INSTRUCTIONS TO FOLLOW>
For the entries below, repeat exactly each line starting with the one that contains "MAGLULA LOADER X10-LULA" and going on through the one that contains "Agentur Reuber Logo", and no others.

DATASET>
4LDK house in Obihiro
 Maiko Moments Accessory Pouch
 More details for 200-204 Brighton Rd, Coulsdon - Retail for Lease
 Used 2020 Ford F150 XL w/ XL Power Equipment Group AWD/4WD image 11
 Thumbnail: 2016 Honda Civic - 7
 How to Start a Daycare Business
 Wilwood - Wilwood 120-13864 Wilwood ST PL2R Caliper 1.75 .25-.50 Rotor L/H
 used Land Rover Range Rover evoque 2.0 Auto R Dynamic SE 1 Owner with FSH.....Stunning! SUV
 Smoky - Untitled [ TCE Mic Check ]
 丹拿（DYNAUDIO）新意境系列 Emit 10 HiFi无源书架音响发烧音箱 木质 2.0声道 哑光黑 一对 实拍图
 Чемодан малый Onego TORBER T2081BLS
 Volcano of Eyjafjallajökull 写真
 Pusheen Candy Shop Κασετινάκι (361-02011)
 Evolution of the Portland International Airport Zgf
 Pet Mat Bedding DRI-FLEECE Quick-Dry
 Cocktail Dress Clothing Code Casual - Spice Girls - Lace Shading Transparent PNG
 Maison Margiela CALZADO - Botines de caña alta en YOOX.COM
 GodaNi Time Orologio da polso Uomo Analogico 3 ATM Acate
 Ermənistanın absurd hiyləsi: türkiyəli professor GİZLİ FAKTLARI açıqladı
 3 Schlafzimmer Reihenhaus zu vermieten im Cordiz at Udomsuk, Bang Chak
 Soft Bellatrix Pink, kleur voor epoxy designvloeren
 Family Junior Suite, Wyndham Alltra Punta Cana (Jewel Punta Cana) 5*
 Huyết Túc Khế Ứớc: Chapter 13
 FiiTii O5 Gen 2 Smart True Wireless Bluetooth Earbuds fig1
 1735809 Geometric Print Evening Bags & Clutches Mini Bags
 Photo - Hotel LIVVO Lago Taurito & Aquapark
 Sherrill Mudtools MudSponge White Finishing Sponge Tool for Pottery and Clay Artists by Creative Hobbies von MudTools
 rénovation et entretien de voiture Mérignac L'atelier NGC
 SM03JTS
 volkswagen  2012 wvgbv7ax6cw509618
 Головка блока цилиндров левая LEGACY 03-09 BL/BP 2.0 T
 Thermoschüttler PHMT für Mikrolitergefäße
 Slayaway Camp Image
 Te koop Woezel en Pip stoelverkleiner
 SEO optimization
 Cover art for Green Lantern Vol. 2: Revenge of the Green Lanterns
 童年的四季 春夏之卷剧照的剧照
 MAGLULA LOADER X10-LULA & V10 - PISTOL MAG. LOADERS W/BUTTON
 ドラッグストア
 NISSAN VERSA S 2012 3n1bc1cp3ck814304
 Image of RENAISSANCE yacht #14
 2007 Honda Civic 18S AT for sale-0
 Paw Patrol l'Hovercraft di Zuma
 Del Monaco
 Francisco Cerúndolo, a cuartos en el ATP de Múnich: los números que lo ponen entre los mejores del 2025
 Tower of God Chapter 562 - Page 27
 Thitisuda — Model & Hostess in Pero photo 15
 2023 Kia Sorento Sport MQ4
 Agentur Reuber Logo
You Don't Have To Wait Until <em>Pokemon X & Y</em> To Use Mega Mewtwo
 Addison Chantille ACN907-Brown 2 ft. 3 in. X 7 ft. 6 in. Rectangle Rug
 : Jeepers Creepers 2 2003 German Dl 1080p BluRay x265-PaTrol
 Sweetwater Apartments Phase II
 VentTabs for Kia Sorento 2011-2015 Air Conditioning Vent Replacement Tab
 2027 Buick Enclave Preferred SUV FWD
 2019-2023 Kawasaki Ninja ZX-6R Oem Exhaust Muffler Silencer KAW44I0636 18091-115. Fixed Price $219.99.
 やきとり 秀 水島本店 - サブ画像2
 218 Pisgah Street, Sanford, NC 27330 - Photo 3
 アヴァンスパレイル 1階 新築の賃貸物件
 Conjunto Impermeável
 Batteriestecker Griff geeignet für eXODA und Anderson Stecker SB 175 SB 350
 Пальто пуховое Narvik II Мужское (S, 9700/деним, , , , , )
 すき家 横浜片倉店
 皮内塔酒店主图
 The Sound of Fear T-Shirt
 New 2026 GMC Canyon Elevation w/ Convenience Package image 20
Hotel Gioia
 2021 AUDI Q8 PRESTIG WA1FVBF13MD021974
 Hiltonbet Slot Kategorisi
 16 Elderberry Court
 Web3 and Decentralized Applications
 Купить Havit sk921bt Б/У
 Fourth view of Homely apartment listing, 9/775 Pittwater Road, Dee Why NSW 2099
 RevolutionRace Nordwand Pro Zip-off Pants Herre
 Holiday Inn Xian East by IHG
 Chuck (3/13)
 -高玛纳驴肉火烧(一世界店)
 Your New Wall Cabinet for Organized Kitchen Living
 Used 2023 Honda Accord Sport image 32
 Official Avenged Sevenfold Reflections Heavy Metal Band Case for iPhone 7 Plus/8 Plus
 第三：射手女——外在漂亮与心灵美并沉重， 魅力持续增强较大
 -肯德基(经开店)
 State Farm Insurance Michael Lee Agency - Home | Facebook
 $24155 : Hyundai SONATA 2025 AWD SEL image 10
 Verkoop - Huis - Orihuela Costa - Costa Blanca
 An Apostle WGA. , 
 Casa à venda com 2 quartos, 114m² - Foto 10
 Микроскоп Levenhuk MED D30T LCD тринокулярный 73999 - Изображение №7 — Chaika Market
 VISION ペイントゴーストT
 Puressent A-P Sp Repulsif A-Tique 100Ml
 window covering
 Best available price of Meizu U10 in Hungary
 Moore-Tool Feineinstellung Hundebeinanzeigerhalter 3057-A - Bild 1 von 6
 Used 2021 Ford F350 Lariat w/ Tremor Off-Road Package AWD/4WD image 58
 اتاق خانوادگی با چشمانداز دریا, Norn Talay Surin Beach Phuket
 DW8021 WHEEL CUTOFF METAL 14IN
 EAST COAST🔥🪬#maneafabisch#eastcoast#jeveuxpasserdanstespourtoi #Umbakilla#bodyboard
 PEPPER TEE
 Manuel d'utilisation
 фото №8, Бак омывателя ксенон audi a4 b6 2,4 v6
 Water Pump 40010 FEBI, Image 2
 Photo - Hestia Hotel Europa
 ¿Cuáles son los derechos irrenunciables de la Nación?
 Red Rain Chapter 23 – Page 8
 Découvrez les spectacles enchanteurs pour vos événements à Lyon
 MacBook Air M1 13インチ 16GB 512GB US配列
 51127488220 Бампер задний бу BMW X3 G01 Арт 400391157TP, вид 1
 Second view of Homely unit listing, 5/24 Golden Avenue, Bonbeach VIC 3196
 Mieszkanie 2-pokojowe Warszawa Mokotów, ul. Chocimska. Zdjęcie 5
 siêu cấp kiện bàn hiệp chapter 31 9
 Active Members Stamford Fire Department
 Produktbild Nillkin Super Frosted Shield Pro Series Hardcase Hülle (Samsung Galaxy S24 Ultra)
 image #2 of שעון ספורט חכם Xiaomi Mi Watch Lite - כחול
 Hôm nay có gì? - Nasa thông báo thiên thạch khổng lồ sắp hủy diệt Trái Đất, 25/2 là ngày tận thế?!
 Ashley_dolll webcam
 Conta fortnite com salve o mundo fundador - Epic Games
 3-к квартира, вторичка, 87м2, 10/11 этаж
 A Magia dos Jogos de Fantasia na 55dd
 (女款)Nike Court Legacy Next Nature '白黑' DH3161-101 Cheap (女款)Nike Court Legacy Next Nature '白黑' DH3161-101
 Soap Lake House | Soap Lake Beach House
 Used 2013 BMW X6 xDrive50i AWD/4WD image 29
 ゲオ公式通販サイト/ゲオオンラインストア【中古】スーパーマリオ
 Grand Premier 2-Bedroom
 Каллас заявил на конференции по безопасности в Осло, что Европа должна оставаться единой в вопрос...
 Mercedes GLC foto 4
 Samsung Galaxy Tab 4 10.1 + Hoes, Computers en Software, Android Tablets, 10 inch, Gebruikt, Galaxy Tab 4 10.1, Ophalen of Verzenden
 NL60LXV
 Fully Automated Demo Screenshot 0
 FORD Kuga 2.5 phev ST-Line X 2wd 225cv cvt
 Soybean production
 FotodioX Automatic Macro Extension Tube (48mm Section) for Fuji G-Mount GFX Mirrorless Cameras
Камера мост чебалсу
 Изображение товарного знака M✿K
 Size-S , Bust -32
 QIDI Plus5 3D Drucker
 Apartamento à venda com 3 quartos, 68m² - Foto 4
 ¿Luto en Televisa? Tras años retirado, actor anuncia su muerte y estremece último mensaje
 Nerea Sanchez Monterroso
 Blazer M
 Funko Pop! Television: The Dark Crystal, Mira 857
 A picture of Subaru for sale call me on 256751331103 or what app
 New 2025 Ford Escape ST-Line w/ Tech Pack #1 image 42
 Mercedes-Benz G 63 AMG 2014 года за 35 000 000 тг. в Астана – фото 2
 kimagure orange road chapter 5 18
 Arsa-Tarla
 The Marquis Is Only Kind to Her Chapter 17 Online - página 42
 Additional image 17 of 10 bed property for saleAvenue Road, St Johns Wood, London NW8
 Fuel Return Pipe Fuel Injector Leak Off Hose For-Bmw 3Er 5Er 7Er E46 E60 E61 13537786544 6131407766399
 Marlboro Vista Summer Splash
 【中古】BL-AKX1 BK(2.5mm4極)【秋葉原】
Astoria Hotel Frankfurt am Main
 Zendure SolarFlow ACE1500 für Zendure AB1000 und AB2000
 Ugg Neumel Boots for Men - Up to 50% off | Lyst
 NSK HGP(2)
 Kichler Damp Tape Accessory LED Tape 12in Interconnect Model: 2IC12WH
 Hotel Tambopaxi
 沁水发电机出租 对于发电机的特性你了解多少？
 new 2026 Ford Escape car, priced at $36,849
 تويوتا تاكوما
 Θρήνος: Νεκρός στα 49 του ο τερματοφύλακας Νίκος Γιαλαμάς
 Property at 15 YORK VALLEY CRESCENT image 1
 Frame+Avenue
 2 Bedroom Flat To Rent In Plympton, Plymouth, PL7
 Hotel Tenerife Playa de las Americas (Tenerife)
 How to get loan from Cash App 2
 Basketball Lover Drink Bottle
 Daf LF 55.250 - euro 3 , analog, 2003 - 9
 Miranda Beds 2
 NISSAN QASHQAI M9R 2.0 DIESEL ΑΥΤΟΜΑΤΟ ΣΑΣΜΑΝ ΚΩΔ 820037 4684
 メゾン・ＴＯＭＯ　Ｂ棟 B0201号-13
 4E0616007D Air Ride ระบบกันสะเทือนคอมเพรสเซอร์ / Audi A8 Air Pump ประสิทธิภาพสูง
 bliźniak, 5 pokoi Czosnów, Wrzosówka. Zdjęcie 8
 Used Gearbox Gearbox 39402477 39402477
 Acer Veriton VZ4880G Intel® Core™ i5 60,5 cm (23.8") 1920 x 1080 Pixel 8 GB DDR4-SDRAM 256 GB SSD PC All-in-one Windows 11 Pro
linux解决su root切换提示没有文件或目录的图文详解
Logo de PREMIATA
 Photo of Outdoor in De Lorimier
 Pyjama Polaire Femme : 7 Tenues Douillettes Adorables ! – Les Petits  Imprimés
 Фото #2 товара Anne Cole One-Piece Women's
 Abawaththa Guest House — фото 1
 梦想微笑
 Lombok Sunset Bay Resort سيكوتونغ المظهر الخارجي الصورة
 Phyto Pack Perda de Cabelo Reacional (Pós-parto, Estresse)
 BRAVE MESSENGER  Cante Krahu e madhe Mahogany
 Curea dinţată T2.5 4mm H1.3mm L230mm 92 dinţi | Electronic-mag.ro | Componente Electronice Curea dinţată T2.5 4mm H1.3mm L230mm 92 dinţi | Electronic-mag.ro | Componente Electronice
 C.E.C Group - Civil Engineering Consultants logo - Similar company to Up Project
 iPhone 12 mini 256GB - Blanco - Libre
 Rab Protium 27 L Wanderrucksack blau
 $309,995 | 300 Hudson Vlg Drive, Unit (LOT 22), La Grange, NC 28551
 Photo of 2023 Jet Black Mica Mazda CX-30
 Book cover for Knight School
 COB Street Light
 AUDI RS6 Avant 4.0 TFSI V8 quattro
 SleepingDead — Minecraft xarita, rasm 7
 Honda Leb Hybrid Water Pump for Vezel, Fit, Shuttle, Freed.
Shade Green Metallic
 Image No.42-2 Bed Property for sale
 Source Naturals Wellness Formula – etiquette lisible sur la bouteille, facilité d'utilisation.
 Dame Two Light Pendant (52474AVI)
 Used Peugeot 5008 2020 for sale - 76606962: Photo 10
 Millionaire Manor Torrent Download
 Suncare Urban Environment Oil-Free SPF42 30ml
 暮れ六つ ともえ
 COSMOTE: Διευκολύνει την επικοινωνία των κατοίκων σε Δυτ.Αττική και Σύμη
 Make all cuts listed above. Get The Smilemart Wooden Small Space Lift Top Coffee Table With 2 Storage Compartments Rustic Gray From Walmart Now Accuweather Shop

TASK ANSWER>
 MAGLULA LOADER X10-LULA & V10 - PISTOL MAG. LOADERS W/BUTTON
 ドラッグストア
 NISSAN VERSA S 2012 3n1bc1cp3ck814304
 Image of RENAISSANCE yacht #14
 2007 Honda Civic 18S AT for sale-0
 Paw Patrol l'Hovercraft di Zuma
 Del Monaco
 Francisco Cerúndolo, a cuartos en el ATP de Múnich: los números que lo ponen entre los mejores del 2025
 Tower of God Chapter 562 - Page 27
 Thitisuda — Model & Hostess in Pero photo 15
 2023 Kia Sorento Sport MQ4
 Agentur Reuber Logo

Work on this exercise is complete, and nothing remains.